Villeneuve : “It’s very surprising, but I guess it’s the best way to have the championship settled. I’m actually surprised that the lap was quick enough for pole. I made a few mistakes and the wind was strong, so I didn’t push too hard because I didn’t know what it was going to do.

Schumacher: “I had the situation under control. I knew from my dashboard read-out I was going to do a 1m 21.0s, but I didn’t know if it was going to be in front or behind Jacques. To have us both on the front row is what I was looking for. It proves we are all competing on a very high level.

Frentzen: “I think next year we need four numbers after the dot.

4 responses to “On this day in #F1: 25th October

  1. “I think next year we need four numbers after the dot.”
    How delightfully technical… 😉
    I would have liked to know what happened in the race – or is that for tomorrow…?

    • I remember this session, it was amazing that the 3 main protagonists could all record the same time. Frentzen as Villeneuve’s main gunner of course. Sounds like Villeneuve could have been 3rd without the yellow flag..

      Quite funny the events of the race. I hadn’t seen 94 as I was too young, but I instantly knew what MSc was trying to do, as Brundle pointed out. Great move from Villeneuve. I was a bit surprised at what happened near the end as well as I didn’t see 95 either (until I got F1 for Playstation!). Maybe a bit like 2010? As Villeneuve should have had the title sewn up earlier in the season, but it led to a thrilling climax.

      Also, it was the end of an era (wide track cars, slicks), and 98 Melbourne saw the Newey McLarens 1 second clear on the front row (and team orders enter the debate once more). Maybe we are in a similar situation here today with the V8 engines. Same in 2014 with Newey RB? For what its worth, I never knew why the changes happened in 98 – cars were able to overtake in the slicks and wide track era, a lot more than followed anyway. Safety?

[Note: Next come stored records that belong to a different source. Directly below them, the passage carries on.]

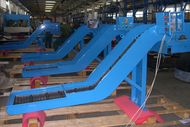 Assembly of heavy duty conveyors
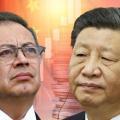 Gustavo Petro y Xi Jinping, presidentes de Colombia y China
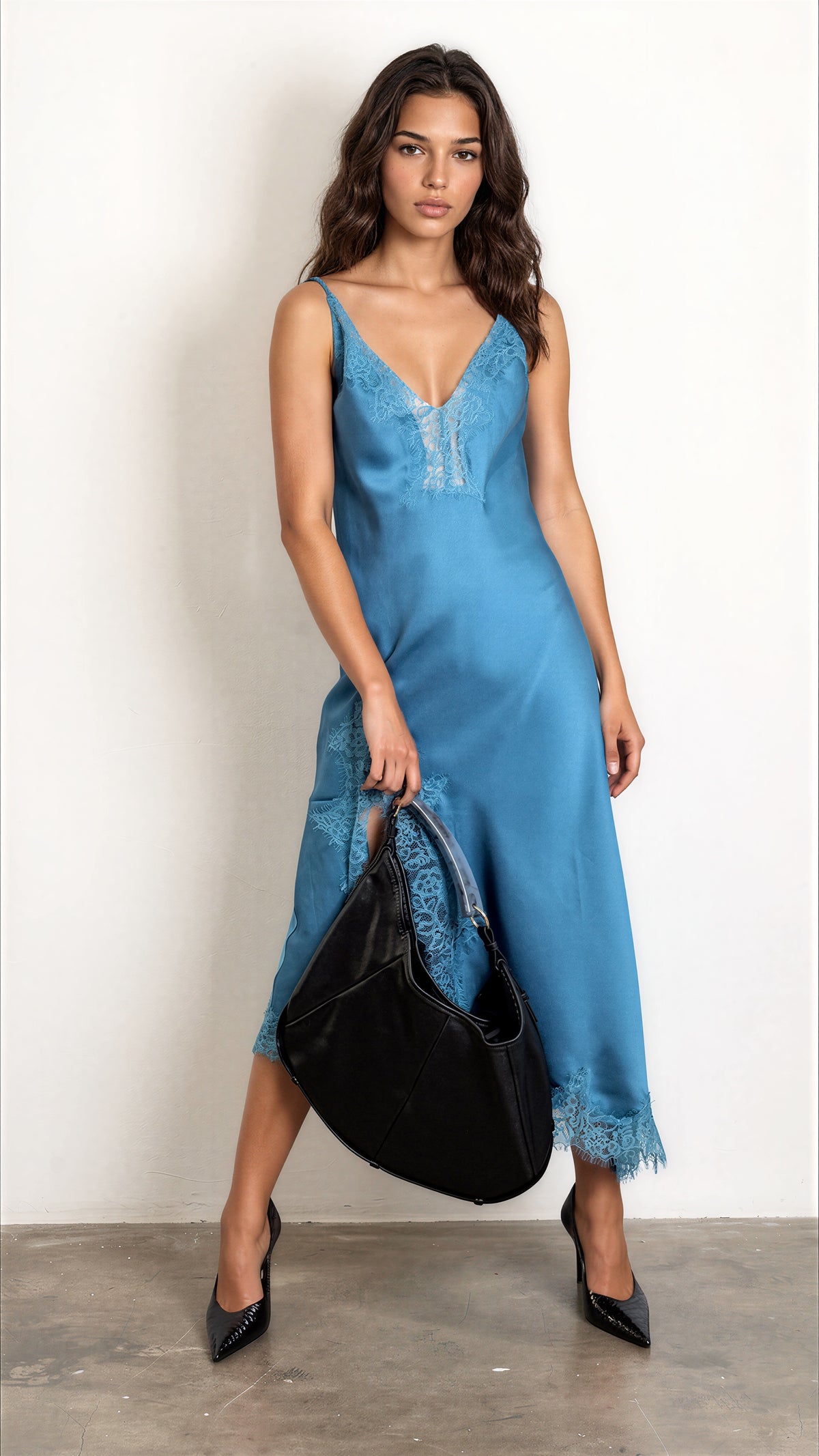The Etnel Lace Contrast Dress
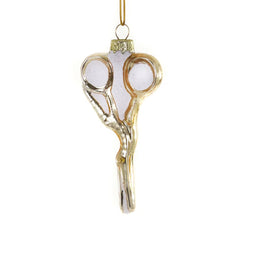 Crane Sewing Scissors Ornament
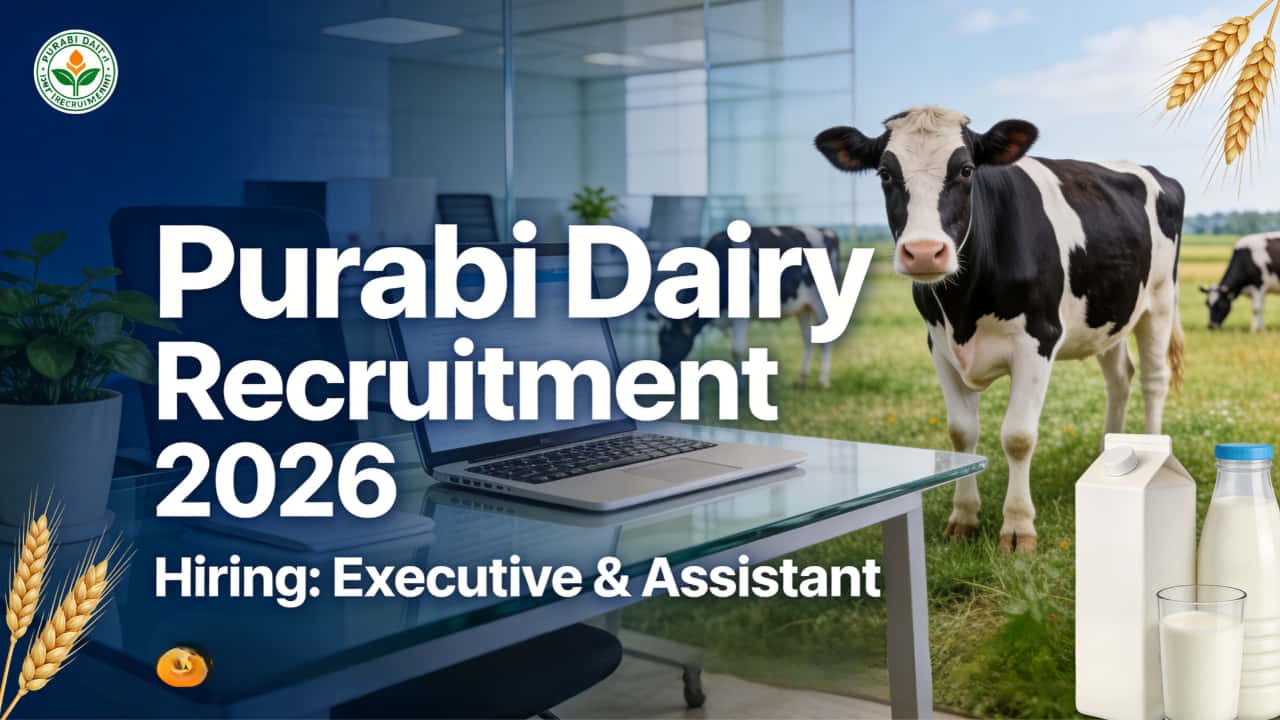 Purabi Dairy Assam recruitment 2026 executive and assistant job notification
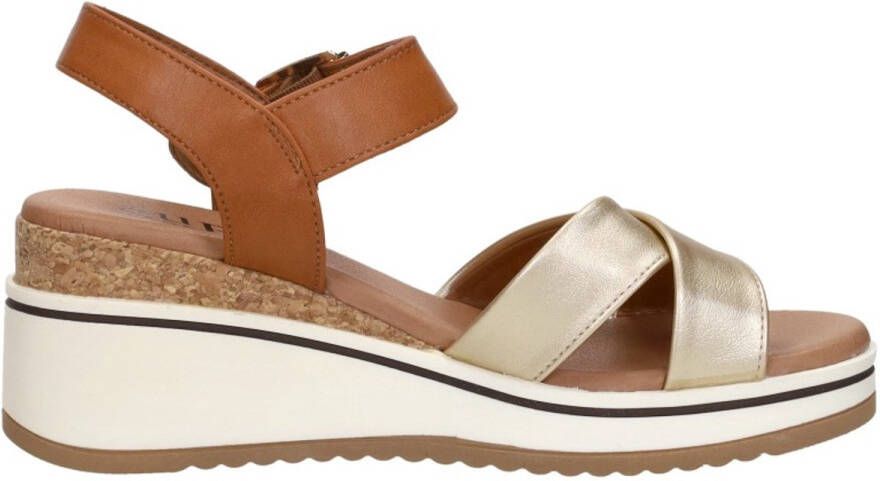 Sub55 Sandalen Hak Sandalen Hak Cognac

      • Exactly that, safety.
        Narrower tracks meant slower corner speeds and add grooved tyres too.
        They soon overcame that!
        One particular consequence of narrow cars was higher top speeds on he straights, lol
        The FIA !!

    • Sorry BJF, I’d not even thought about part 2, just try to bring a little interest to the OTDs.
      This was the race that Schumi would attempt to take out JV to win the WDC.